Nasıl sonuçlanırsa sonuçlansın, saldırının taktik ve moral açısından şimdiden başarılı olduğunu söylemek mümkün. Saldırıya hazırlıksız yakalanan Rusya’nın büyük bir sorunla karşı karşıya kaldığını kanıtlayan iki önemli veri var: Devlet Başkanı Vladimir Putin’in konuyla ilgili açıklama yapma gereği hissetmesi ve iktidarın kontrolü altında bulunan ana akım medyanın bile Kursk’taki duruma ilişkin haberlere yer vermesi.
Ukrayna’nın kalıcı olması zor görünen baskınla ne elde etmek istediği konusunda çeşitli spekülasyonlar yapılıyor.
İddialardan biri hedefin, son dönemde cephede gerileyen ve sıkışan Ukrayna ordusunun nefes almasını sağlamak olduğu yönünde. Bu teoride haklılık payı olabilir çünkü şu anda Rusya açısından Ukrayna’nın doğusundaki saldırılardan çok topraklarını savunmak daha acil bir konu. Zaten Rusya’nın Ukrayna’nın doğusundaki birliklerini kaydırmaya başladığı yolunda haberler var.
Bir başka görüşe göre, Ukrayna sürpriz eylemle hem topluma ve orduya moral vermek hem de Batılı müttefiklerine hâlâ savaşabilecek güçte olduğunu kanıtlamak istedi.
Ukrayna Devlet Başkanı Volodimir Zelenski, amaçlarının Ukrayna’ya saldıran Rus mevzilerinin yok edilmesi olduğunu, ayrıca Moskova’yı barışa zorlamak istediklerini söyledi.
Ukrayna’nın ele geçirdiği Rus bölgelerini, Moskova’nın Ukrayna’nın doğusunda yaptığı gibi, ilhak etme planından söz edenler de var. Ancak sürpriz baskının şokunu atlattıktan sonra Rusya’nın topraklarını yeniden ele geçirmek için bütün gücüyle saldırıya geçeceğinden kuşku duyan yok. Dolayısıyla, eğer amaç pazarlık masasında koz elde etmekse bunun gerçekleşmesi zor görünüyor.
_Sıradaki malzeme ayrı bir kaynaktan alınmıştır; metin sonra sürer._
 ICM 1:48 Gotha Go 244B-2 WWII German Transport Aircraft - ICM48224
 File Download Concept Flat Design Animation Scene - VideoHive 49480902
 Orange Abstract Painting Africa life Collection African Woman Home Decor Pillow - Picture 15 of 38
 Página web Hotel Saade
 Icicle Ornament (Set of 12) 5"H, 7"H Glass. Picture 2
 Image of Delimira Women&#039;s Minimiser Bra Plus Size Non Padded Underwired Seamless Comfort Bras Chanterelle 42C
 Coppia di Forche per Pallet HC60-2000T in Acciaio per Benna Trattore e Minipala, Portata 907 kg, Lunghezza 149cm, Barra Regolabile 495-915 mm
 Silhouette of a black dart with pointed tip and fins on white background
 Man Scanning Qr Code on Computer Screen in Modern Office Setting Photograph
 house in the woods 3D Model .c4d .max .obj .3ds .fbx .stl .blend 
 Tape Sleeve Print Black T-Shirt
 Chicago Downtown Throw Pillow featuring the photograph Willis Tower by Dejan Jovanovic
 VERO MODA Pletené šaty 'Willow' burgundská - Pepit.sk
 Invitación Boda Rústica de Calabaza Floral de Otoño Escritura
Başlıktaki sorunun yanıtı belki de saldırının zamanlamasında gizli. Ukrayna cephede gerilediği, Batılı müttefiklerinin yardım etmekten yorulduğu, toplumda bedeli toprak kaybı olsa bile Rusya ile barış anlaşması yapmak isteyenlerin sayısının arttığı bir dönemde saldırıya geçti.
Bu açıdan bakıldığında strateji ne olursa olsun, taktik açıdan başarıya ulaşıldığını varsaymak mümkün. Diğer yandan, savaşın tümüyle kontrolü altında devam ettiğini ileri süren Rus tezi de boşa çıkmış oluyor.
Böylece, köşeye sıkışan Ukrayna’nın istemediği bir barış anlaşmasını çok yakında imzalamak zorunda kalacağı ve savaşın bitmesinin an meselesi olduğunu düşünenler de haksız çıktı.